The usability of GNOME 3.10 & 3.12

This is only a preview of my results, just to share some immediate analysis. I'll provide more details later.

I scheduled 15 people for the usability test of GNOME 3.10 & 3.12. Three people were unable to make it, so I had 12 test participants. And from Nielsen, we know you only need about five testers to get useful results. After about five testers, you have enough information about themes and trends. And I definitely saw that here; after the first five or six testers, the trends were clear. With 12 participants, that's over twice the minimum required to expect good results.

So, what were the trends in this test? As before, I prefer to use a "heat map" to display the results. During the usability test, I typed up notes on a laptop while I observed the test participants doing the scenario tasks. I captured quotes as the test participants used the "speak aloud" method to describe their process and thoughts, but more generally I noted what paths the testers were attempting to complete the tasks. What menus did they click into? What buttons caught their attention? At the end of each task, I indicated if the tester had completed the task, and how difficult it was for them to do.

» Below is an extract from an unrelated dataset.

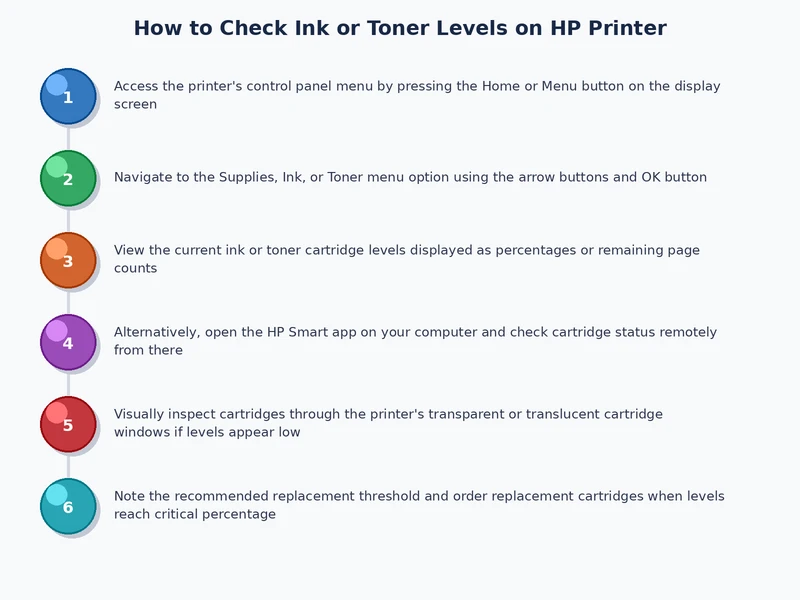 step by step process diagram for checking HP ink levels on Windows Mac and mobile app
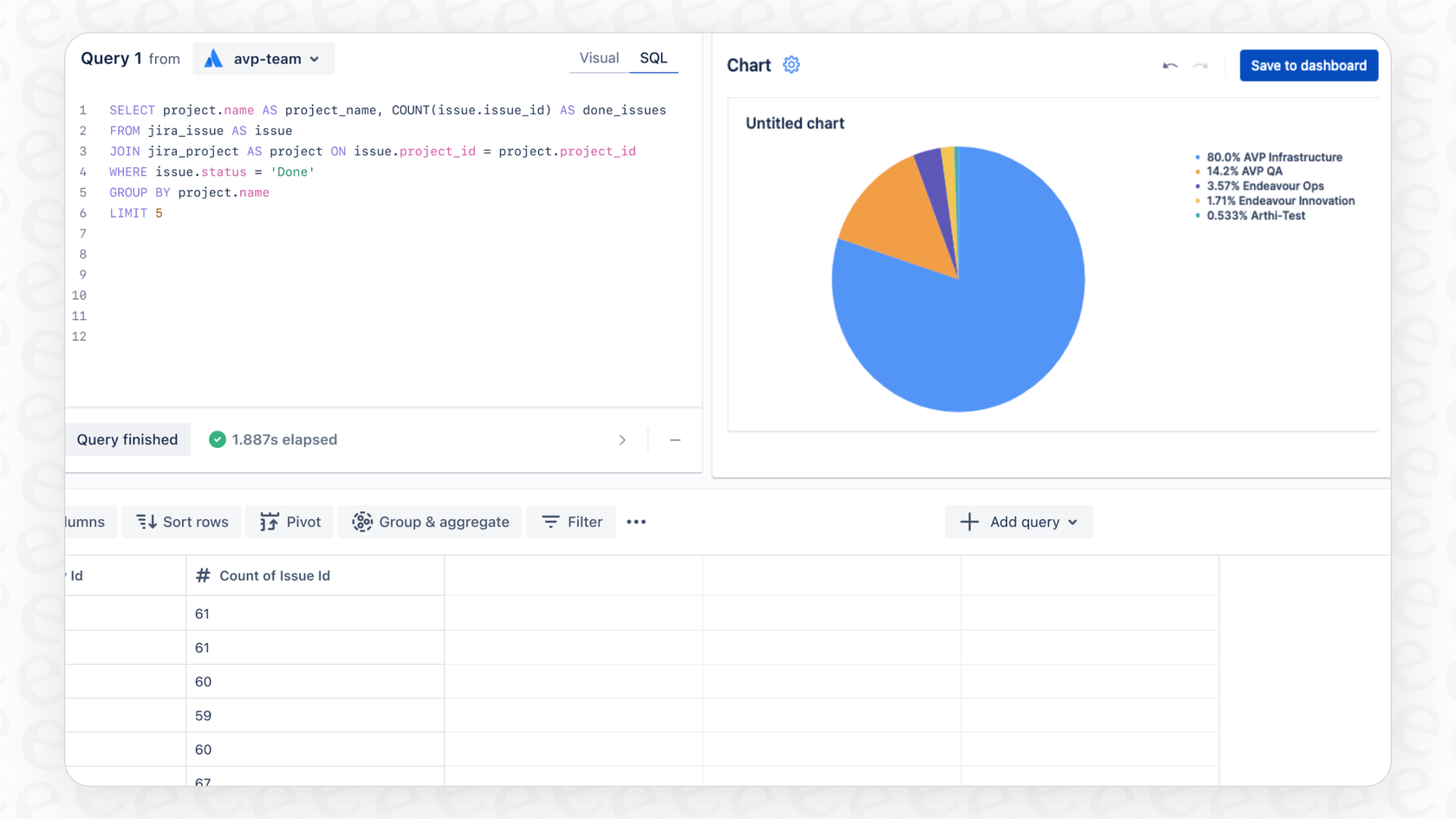 A pie chart generated by the Atlassian Intelligence SQL Query Generation tool, visualizing ticket data directly from a plain-English question.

In the below heat map, a green box indicates a tester completed a task with little or no difficulty, while a yellow box represents a task that had moderate difficulty. A red box indicates a task that was extremely difficult to do, or was completed incorrectly or by accident. Where the tester was unable to complete the task, or chose to abort the task (usually believing it to be impossible to complete) I use a dark red (maroon) box. A white box indicates a test that was skipped.

This is just a quick screenshot from a spreadsheet:

(click to enlarge)

You may remember that I performed a similar usability test of an earlier release of GNOME, about a year and a half ago. That test involved Gedit, Firefox, and Nautilus - and included seven test participants. I've represented those results to the right, matched against this test of Gedit, Web, and Nautilus. This shows where programs fared better, worse, or about the same between the earlier version (on the right) and versions 3.10 & 3.12 (on the left).

I'll provide an analysis in a future post. Comparing these results to my notes, there's lots to be said about how testers actually use GNOME, and how they expect to use GNOME. But I'll have to save that for a future post.